[Opening PROVIDED MATERIAL section]
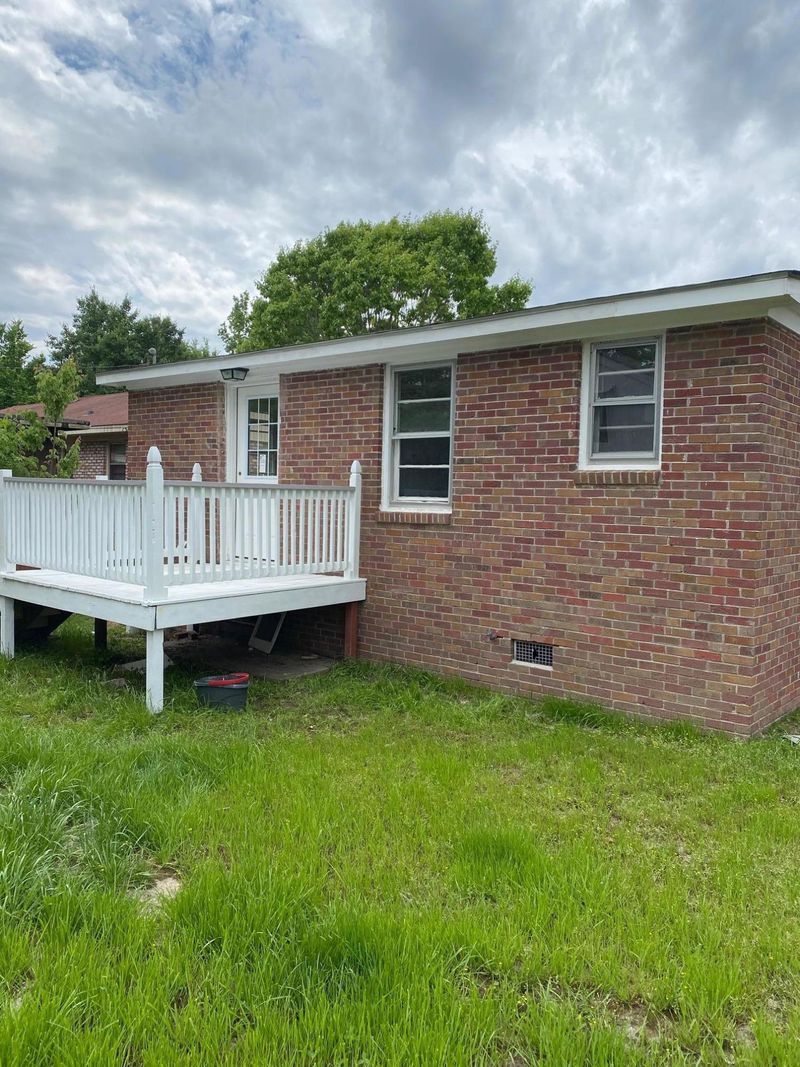 420 Annette Dr, Goose Creek, SC 29445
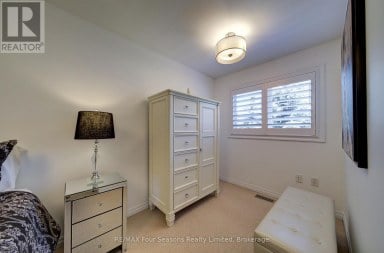 17 COLLSHIP LANE Collingwood Ontario photo 38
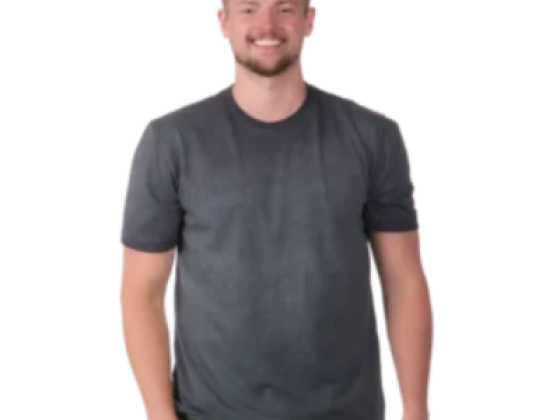 Casual style with a simple gray tee and jeans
[Closing PROVIDED MATERIAL section]
● **TASK**: The data must be reproduced exactly, and no picture may appear in the copy.

● **REPLY TO THE TASK**:
 420 Annette Dr, Goose Creek, SC 29445
 17 COLLSHIP LANE Collingwood Ontario photo 38
 Casual style with a simple gray tee and jeans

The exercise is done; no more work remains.